Ze względu na mniej liczne roczniki maleje wypłacana samorządom z budżetu subwencja oświatowa. Gminy mają też niższe od zakładanych wpływy z podatków. Szukają więc oszczędności. I zaczęły zlecać zatrudnionym nauczycielom, w ramach tzw. dodatkowej godziny, opiekę nad dziećmi w świetlicach. Dzięki temu mogą redukować etaty nauczycielskie. Do końca kwietnia dyrektorzy szkół muszą też przesłać do akceptacji gminom tzw. arkusze organizacyjne dotyczące nowego roku szkolnego. Prognozują tam m.in. liczbę nauczycieli, którzy będą wtedy pracować. Samorządy już zapowiadają, że zatrudnienie będzie redukowane.
Oszczędności mogą też prowadzić do ograniczenia zatrudnienia absolwentów po kierunkach pedagogicznych. W tym roku samorządy musiały wypłacać tzw. jednorazowy dodatek uzupełniający tym nauczycielom, którzy nie osiągali średnich płac zagwarantowanych w Karcie Nauczyciela. Przyznawanie dodatkowych godzin pozwoli gminom uniknąć jego wypłacania w przyszłym roku.

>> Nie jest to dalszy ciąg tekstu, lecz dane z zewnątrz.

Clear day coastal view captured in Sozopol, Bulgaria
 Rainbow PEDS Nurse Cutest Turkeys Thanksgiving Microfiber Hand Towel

Samorządy nie ukrywają, że konieczność szukania oszczędności będzie przekładać się na jakość pracy, bo nauczyciele będą pracować więcej. Na jakość będzie też wpływało łączenie wykonywania różnego rodzaju zajęć przez jednego nauczyciela.
 
Źródło: Gazeta Prawna, 1.04.2010 r.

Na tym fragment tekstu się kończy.